People of the Moon(24)
Webworm stared at him, bits of corn cake stuck to his chin. “What?”
“After the events triggered by Crow Beard’s death, after Jay Bird’s raid, the stories of the prophecy—”
“Gods, yes, that accursed Fire Dog prophecy! The rotted fools think that one of theirs is going to destroy the Straight Path Nation.” He balled a fist, jaw hard. “You know how I feel about that, being half Mogollon myself. Some of the ignorant fools even say that I am the fulfillment of that accursed prophecy. Well, we’ve made a prophecy of our own: The Straight Path Nation will be reborn! Here, at Flowing Waters Town upon the Spirit River. We shall build a bigger, better Straight Path Nation. We have consecrated this ground. It isn’t the end, War Chief, it’s the new beginning.”
“Blessed Sun, I do not disagree with you. I only report what the barbarians are saying.”
Webworm relented, waving his anger away. “Yes, yes, and the Made People clans? What do your spies tell you is being whispered in their kivas? Surely they don’t have any sympathy for this wrongheaded notion?”
Wind Leaf nerved himself. “For the most part … no. There are elements, however, for whom such an idea has a certain attraction. I’ve had reports that some …” He broke off at the wild-eyed look in Webworm’s face.
“You will crush any such notion, War Chief. And you will do it by whatever means necessary!”

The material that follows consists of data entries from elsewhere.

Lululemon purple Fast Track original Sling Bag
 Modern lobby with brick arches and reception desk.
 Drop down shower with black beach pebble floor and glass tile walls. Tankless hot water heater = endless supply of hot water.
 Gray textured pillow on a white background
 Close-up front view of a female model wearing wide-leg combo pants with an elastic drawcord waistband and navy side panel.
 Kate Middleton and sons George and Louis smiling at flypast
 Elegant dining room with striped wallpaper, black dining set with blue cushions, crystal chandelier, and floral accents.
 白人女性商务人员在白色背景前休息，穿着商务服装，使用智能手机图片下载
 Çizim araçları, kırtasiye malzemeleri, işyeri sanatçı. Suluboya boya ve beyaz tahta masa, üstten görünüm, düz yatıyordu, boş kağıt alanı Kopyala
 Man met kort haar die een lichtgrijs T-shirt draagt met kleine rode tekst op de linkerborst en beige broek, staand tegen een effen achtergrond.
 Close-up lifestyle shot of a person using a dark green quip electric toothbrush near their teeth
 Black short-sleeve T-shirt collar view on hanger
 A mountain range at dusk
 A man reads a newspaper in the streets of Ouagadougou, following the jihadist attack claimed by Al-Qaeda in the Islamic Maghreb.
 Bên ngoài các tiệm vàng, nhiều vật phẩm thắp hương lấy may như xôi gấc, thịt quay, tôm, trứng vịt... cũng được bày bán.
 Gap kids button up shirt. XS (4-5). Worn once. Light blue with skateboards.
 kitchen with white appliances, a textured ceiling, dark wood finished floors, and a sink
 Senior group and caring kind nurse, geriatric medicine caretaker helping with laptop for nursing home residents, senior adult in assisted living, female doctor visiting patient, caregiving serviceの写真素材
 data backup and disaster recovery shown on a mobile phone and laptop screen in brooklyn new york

Wind Leaf straightened. All it would take would be a spark. Just one tiny little spark, and their whole world could go up in flames.
Seven
His name was Bulrush—after the green plants that grew in springs and seeps. He belonged to the Coyote Clan of the Made People. A thick-witted fellow from Clay Cup Village on the Green Mesas, he had never been attractive to women. People said he was stupid as well as ugly. Perhaps it was because his broad face, bland features, and slow mind just didn’t captivate the female imagination. Or maybe it was because his family—dryland farmers by trade—never amassed either wealth or prestige.
Bulrush had been attending the summer solstice ceremonies at Far View Town when he first saw Gourd Pendant. He’d thought her comely. She’d been a thin sliver of a young woman with small breasts, a shy smile, and large brown eyes. Most of all, he’d wondered at her lustrous dark hair. From the first moment he glimpsed it—freshly washed with yucca soap—it had seemed to capture the sun in its blue-black length.
When he had mentioned Gourd Pendant to his mother, she had immediately approached the girl’s uncle, Sage. He and the girl were of the Dust People, subsistence farmers who’d traveled in for the festivities. They actually lived in the flats just south of Thunderbird Mountain a day and a half’s journey to the west-southwest. Sage had taken one look at Bulrush’s full frame, sized up the thick muscles in his arms, and nodded.
To Bulrush’s amazement, he was joined to the raven-haired, large-eyed beauty that very night. When morning broke the following day he and his new family were already headed down the steep southwestern trail that descended the mesa side. Two days later he walked into their shabby little farmstead.
It was poor country, windswept and subject to blowing dust. It baked in the summer, and his teeth chattered through most of the winter. Water—perpetually scarce—was rationed by the cupful. But Gourd Pendant’s people said it was blessed. From their pit house rooftops they could see World Tree Mountain where it jutted up from the Underworlds, its lines of lava roots running across the flats. Southwest of that lay the Bearclaw Mountains, from which the Dust People’s ancestors had come bearing their tchamahias: highly prized triangular stones used expressly for channeling water from canals into ditches that fed the corn and bean fields. More than tools, tchamahias were emblems of ownership, each stone tied to a given piece of land and the right to operate the ditches that irrigated it.
Bulrush had looked askance at his new home—so different from the cool verdant heights of Green Mesa. The place, called Saltbush Farmstead, consisted of two pit houses, a couple of ratty ramadas, and several masonry granaries standing in an open and dusty plaza.
“It is Blessed,” his new uncle-in-law, Sage, told him as he pointed at the southern tip of Thunderbird Mountain. A rocky pillar of stone jutted up from the timbered slopes. “Thunderbird alights there to rest and look south at World Tree Mountain. From his perch, he can see the place where our ancestors entered this world.”
Bulrush hadn’t believed it. But for the fascination of his new wife, he would have loved nothing better than to have slipped away in the night and sprinted like an antelope for the fastness of Green Mesa where it beckoned on the eastern horizon.